The rail industry is preparing itself to introduce “newer metrics of performance” in the next control period so that passengers can access more “granular information” relevant to their type of service, rather than relying on a one-size-fits-all approach.

Speaking at a Transport Select Committee hearing, Jo Kaye, Network Rail’s executive director for network strategy and capacity planning, revealed that there are preparations underway to analyse how to best move forward with the public performance measure (PPM) currently used to collect data, making it more relevant to particular operators instead.

Kaye did acknowledge that the industry has been collectively using PPM for some time, and that people are “more or less comfortable with that”, but said: “There is a move in the industry to have more granular information, and different information for different operators.

“If you operate a high-intensity metro service, then people tend to be more interested in the service frequency – the interval between trains in a much more London Underground-style – than they are in the performance of the particular timetable. In other cases, in long distance, clearly time is a much more important thing.”

She appeared in the inquiry alongside Paul Harwood, the infrastructure owner’s strategy and planning director for the south, giving greater insight into how they plan to cope with pressures during construction works at Euston.

Part of this included reassuring MPs that there would be no repeat of the chaos previously caused by London Bridge work. These works, which have now allowed parts of its new concourse to open, contributed to severe disruption on the capital’s already congested rail network.

Network Rail admitted last year that it will need to ensure that work to prepare Euston for HS2 goes better than the work at London Bridge.

In the inquiry, Harwood said the infrastructure owner would “project” lessons learned from the London Bridge works into work at Euston, as well as major upgrades planned for Waterloo next August, and go about them “in a different way”.

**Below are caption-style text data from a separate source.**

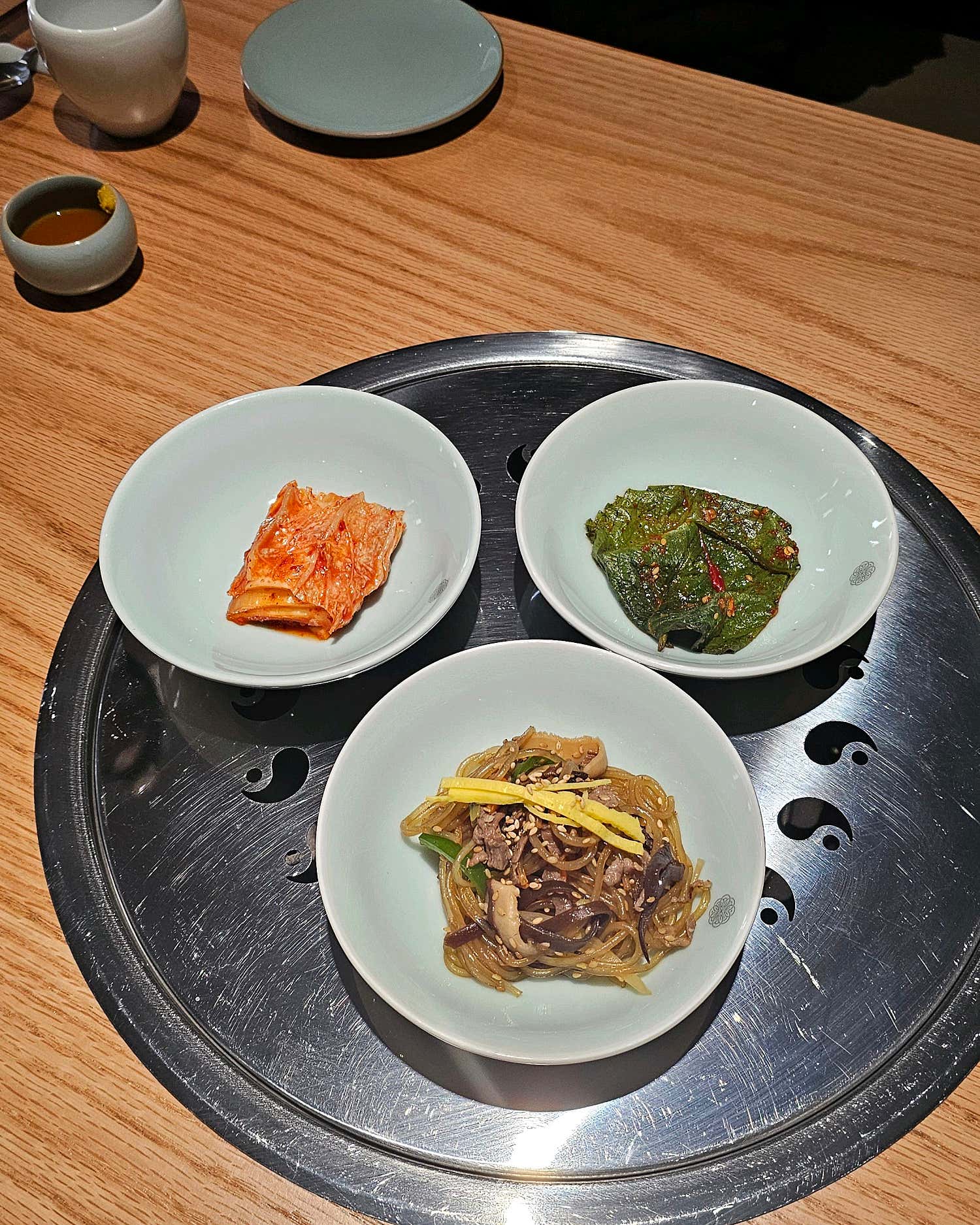 설야갈비 청담 참고 이미지 19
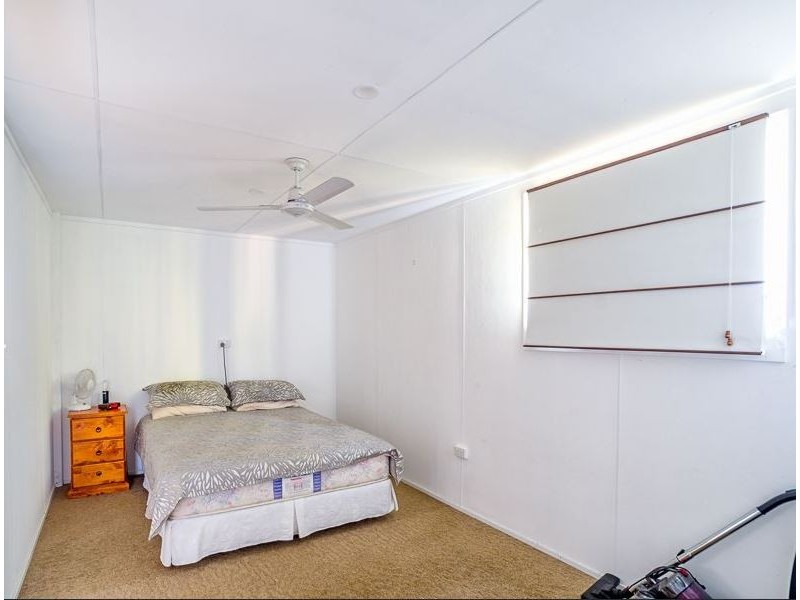 63 Windjammer Circuit, River Heads QLD 4655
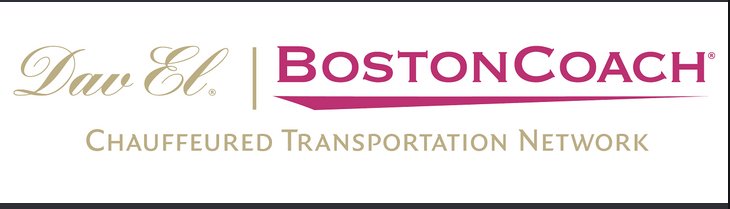 transportation's Logo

Kaye added that a major factor in the disruptions had been how drivers and passengers reacted to the changes. Train drivers drove “more tentatively” when confronted with an unfamiliar layout, and some passengers were “really unsettled” by the changes.

“We accept that we underestimated those two factors at London Bridge, and they came together in a way that was very unpleasant for the people concerned,” she continued.

Network Rail would also introduce “more incremental changes” at London Euston, put more mitigations in place and ensure practical measures, such as more staff at stations.

“We’ve moderated some of our assumptions about how passengers will be able to cope with big changes that happen quite quickly,” she added.

Kaye was also questioned by the committee about the recent collapse of the roof at Manchester Victoria station.

She said Network Rail’s executive committee had discussed the “very unfortunate incident”, but that it couldn’t scrutinise further until an investigation by the supply chain behind the project was completed.

When asked about rumours that the damage to the roof which led to the collapse was caused by seagulls, Kaye said: “I would observe that we have seagulls in a number of other stations at the UK and the material used is certainly not unique to that station. The investigation will tell us, but I’m confident there will be other factors.”